The statistics were an interesting challenge…it suffices to say that it took 2000 hours of work from six highly capable individuals to run the calculations, identify the variables and build the prediction models that were user-friendly enough so that they could be operationally deployed. Most of our labor was spent cleaning the data, putting it into a paired format to test variables that had no statistical significant impact on delivery time and volumes. We eventually identified the variables that allowed us to understand and reach R squared correlations for each center of .90 to .95 percent. The statistics were easy to derive with the right software, although some of the tests took 20 minutes to run on our laptops. We used Minitab 15 to do the calculations. It was difficult, time consuming, but in our final analysis we were able to determine how many checks for each day of the week, of each month would be received, and that we could do it a year in advance. It turned out that factors such as social security payments, special government refunds, long weekends, holidays, the day of the week or the month, all impacted the number of checks received. In all, six different models for six different processes were built for 15 locations in the United States and the United Kingdom. The transformation was completed for all of the locations within just six months.

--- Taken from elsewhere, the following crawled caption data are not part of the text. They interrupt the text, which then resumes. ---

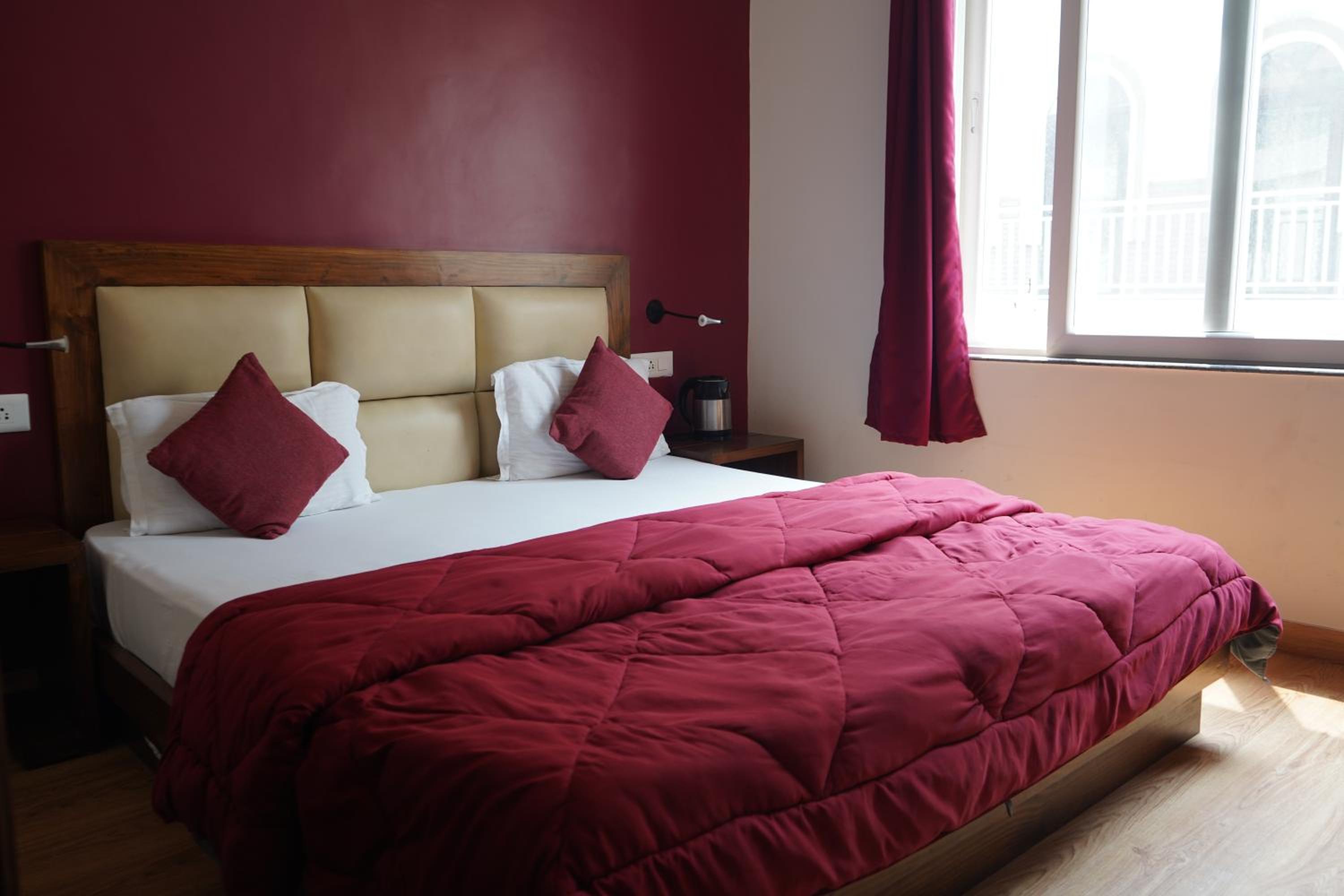 Deluxe Double Room - Photo 1
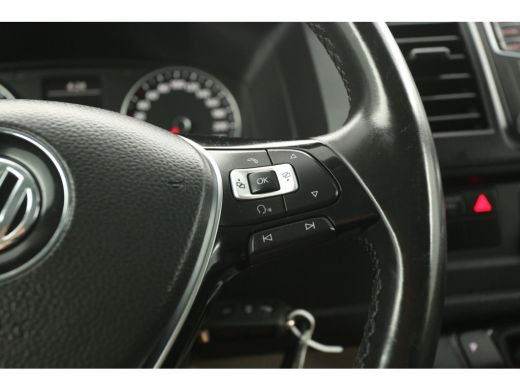Volkswagen Transporter 2.0 TDI L2H1 204PK Automaat Airco Camera Carplay 2xSchuifdeur Cruise LED DSG Navi 3 Persoons 17"LMV ActivLease financial lease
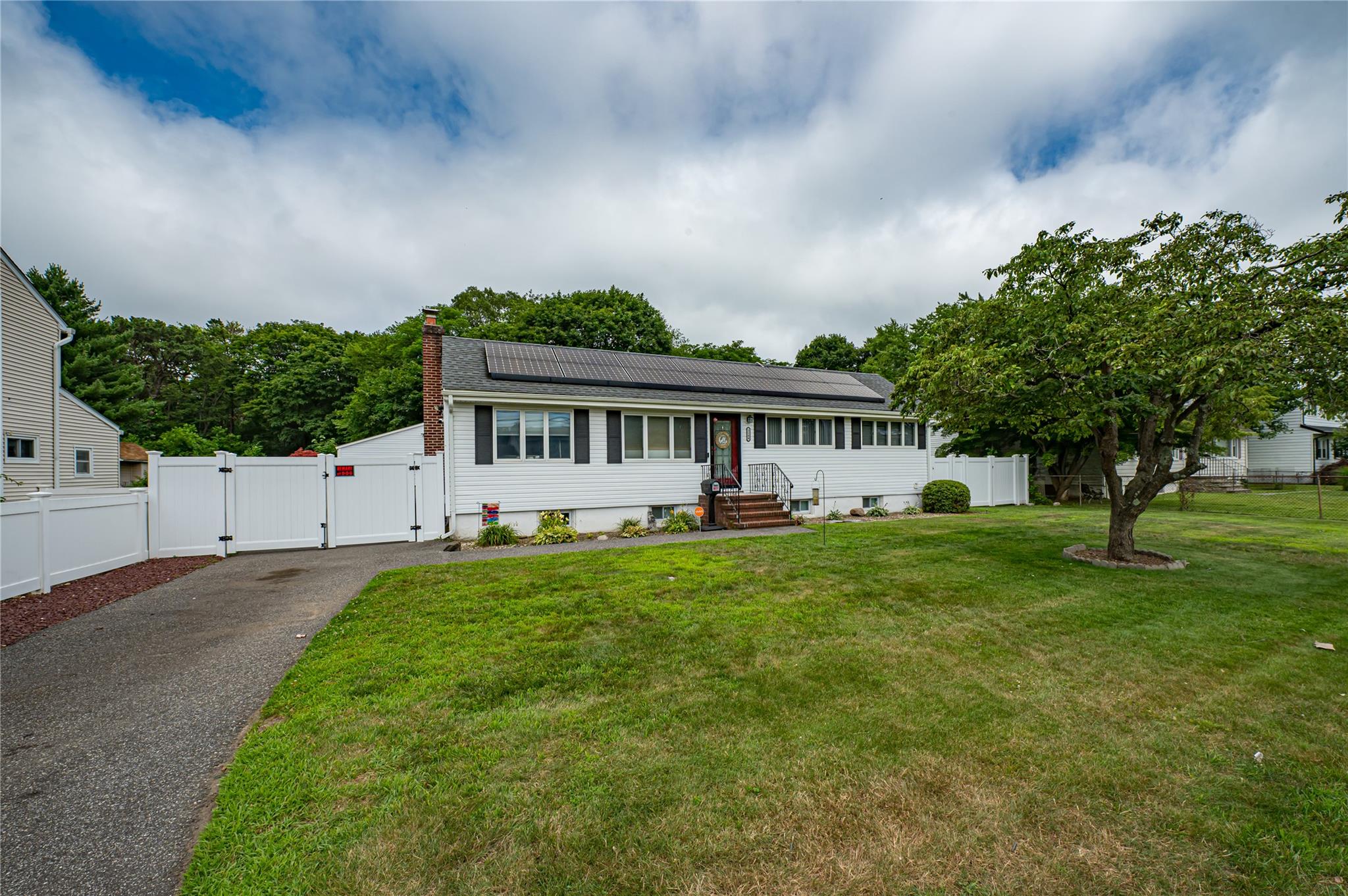 #4 photo, 1144 Martinstein Avenue, 東長島 海湾 Bay Shore , NY 11706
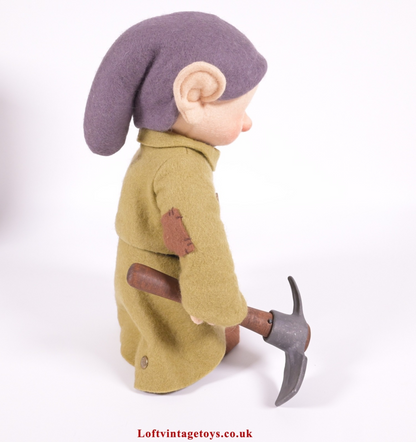 R. John Wright Snow White Frightened Dopey, Ltd Edition of 250 - RARE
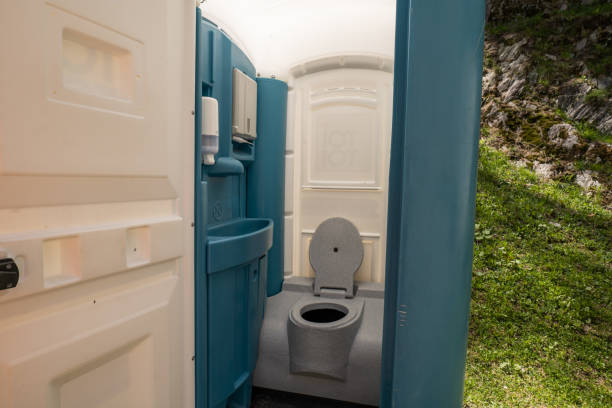 Best Porta potty rental near me  in Goodwater, AL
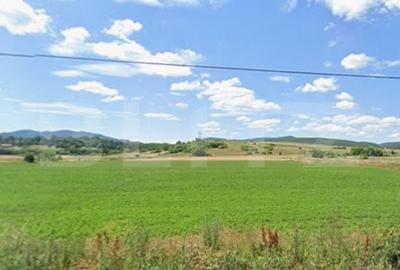 Teren de 11000 mp, în Măieruș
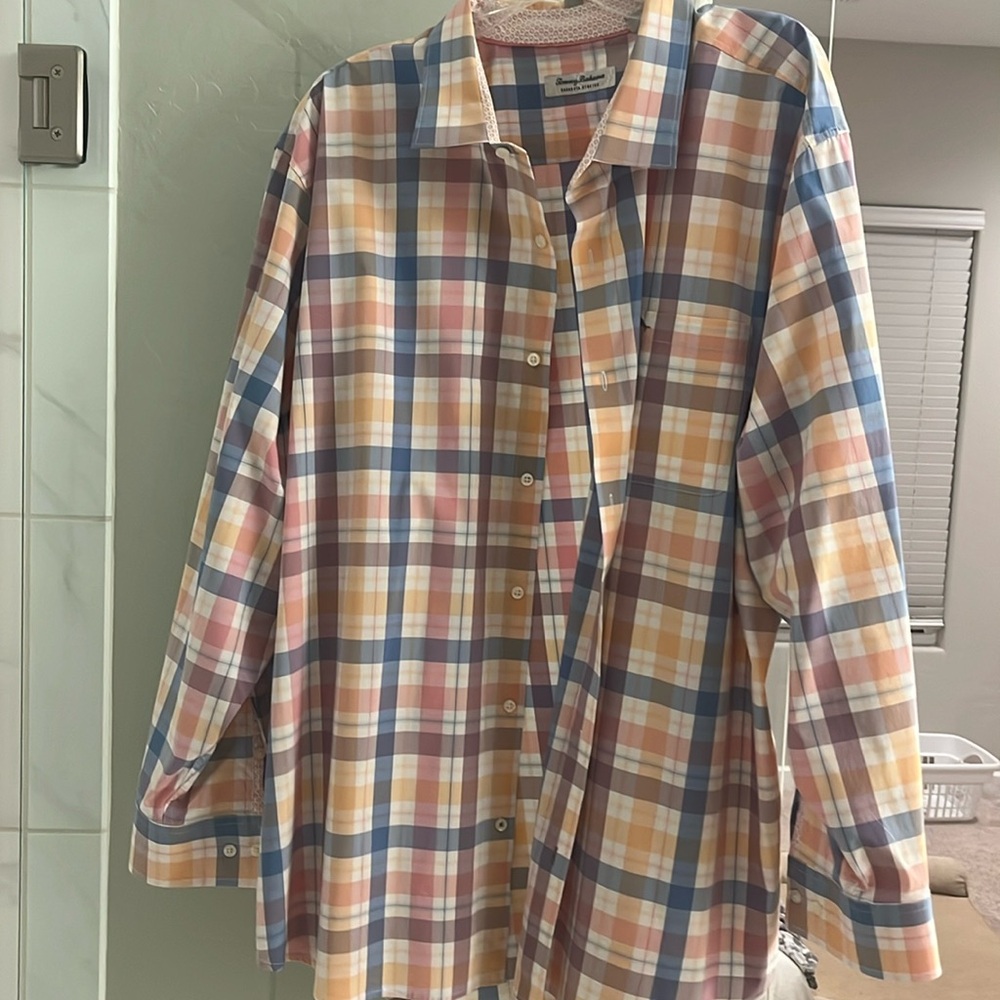 Tommy Bahama Plaid Long Sleeve Button Down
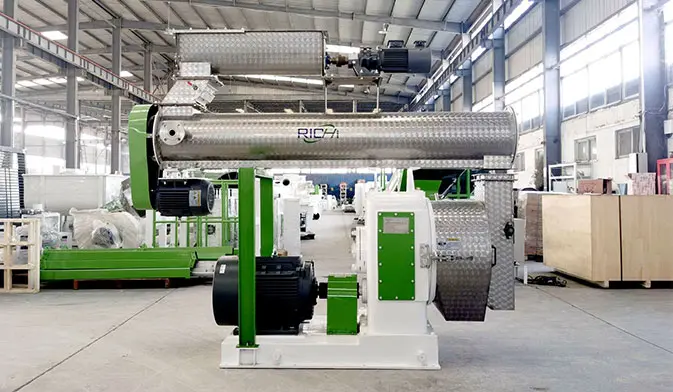 5 тонн Гранулятор комбикормов в Украине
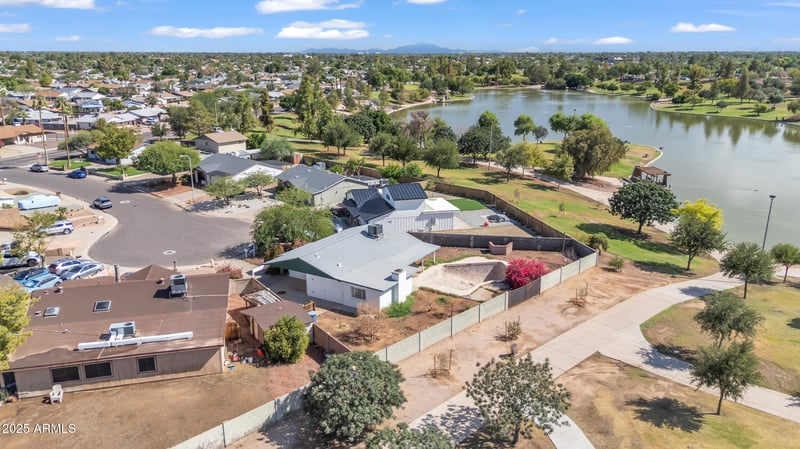 31 Duke Dr, Tempe, AZ 85283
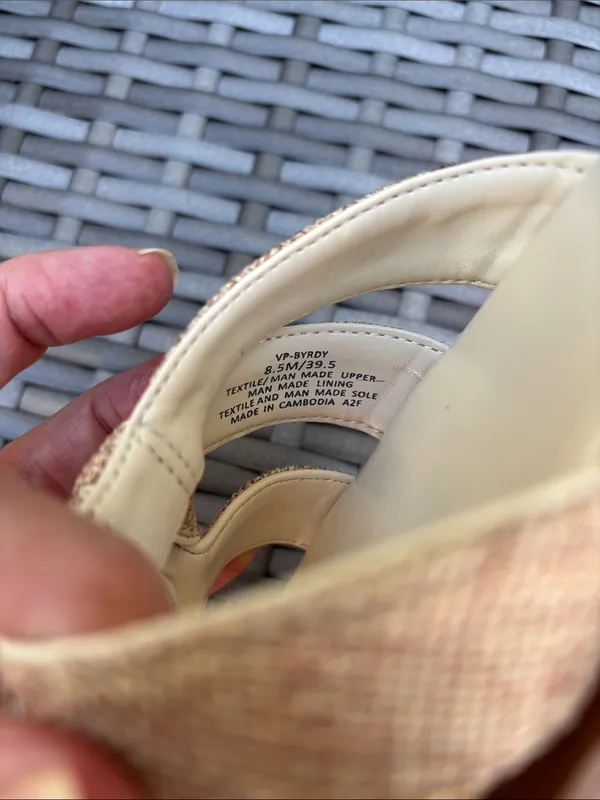 Vince Camuto VP-Byrdy Tan & Cream Woven Slide Sandals - Image 3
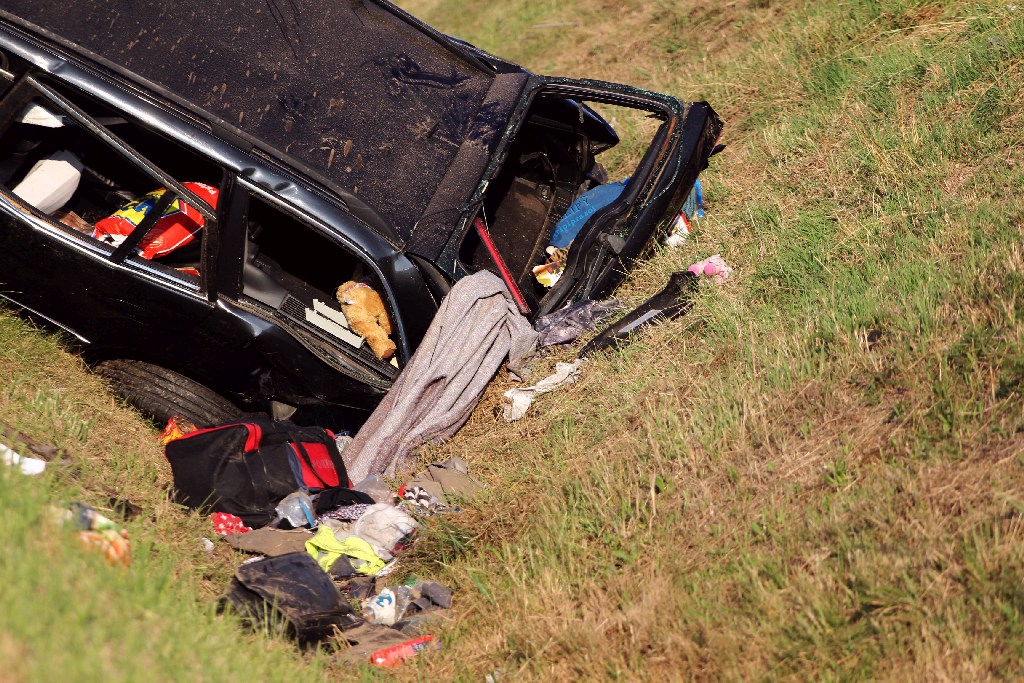 Trzy osoby ranne w wypadku. Na A4 dachował samochód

After this initiative we conducted a “lessons learned” session with both the improvement and operations teams. There was an overwhelmingly realization that the prediction models were the differentiators. No single improvement had a greater impact on the profitability of each center then our models. It was also noted that it was only after we truly understood the processes that it became possible to build the models that allowed us to predict check receipts. We needed the process knowledge derived from several months of analytics and improvements to pair the concepts with big data. Had we begun with the objective of predicting check receipts to better managing staffing level, the team believed it would certainly have taken much longer.
When people ask me about Big Data and Big Process I tell them not to separate the two concepts. It takes time to improve operations, the more process knowledge your analytical team has, the faster you will see results. Don’t assume that they will figure out what is significant, pair the statistical experts with your process experts to get big process improvement results.